Step1: Copy the sample output into sample_out.txt file and move it to the server (you can make your own sample_out.txt file)
Step2: compile and run your code using typical gcc and other commands. Your code should produce out.txt file.
Step3: Run the following command to compare your out.txt file with the sample output file
$diff -i out.txt sample_out.txt
The command will not produce any output if the files contain exactly same data. Otherwise, it will tell you the lines with mismatches.
Incase if your code does not match, you can use the following command to see the result in side by side:
$diff -y out.txt sample_out.txt
Rubric:
1) A code not compiling or creating seg fault without producing any result can get zero. There may or may not be any partial credit. But at least they will not get more than 50% even if it is a small reason. Because, we cannot test those code at all against our test cases to see whether it produces the correct result or not.

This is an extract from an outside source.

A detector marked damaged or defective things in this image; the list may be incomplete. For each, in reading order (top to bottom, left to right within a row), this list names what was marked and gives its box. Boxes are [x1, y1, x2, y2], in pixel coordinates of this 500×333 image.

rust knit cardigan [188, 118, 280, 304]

2) There is no grade for just writing the required functions. However, there will be 20% penalty for not writing insert function, 10% penalty for not writing appropriate search function.
3) Implementing insert operation properly: 25%
4) Implementing prediction properly: 25%
5) Matching test cases : 50%. Your code will be tested against a set of test files and will be grade based on the match.

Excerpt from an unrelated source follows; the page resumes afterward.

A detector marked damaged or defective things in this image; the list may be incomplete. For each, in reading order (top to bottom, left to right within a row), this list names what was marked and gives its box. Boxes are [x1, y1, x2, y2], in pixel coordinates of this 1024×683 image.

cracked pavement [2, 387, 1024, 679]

6) There is no point for well structured, commented and well indented code. There will be a deduction of 10% points if the code is not well indented and 5% for not commenting important blocks.
Hints:
• Start programming assignment as soon as possible.
• Read the entire assignment and get a very good idea what is expected.
• Use the sample input/output to understand it better
• Draw and simulate the sample input/output step by step by drawing the Trie step by step. Update the values of the structure accordingly while drawing.
• Based on that, work on the insert function. You can review the insert function we have discussed in the class. You mainly need to update some extra variables.
• After that, start working on the prediction function. It would be somehow like search with lot of modification. You will do typical search. However, as soon as you are at the end of you search word, you need to make a decision. You might need to return NULL, or you might need to return a string with one or more characters. During this process, you need to check all the children of the current node and their frequency and need to match who has the highest frequency based on the current node’s stored max frequency. If multiple children have max frequency, then you can produce a string with those characters and return that string! Don’t forget to terminate your string by ‘\0’. Another strategy could be directly printing the characters.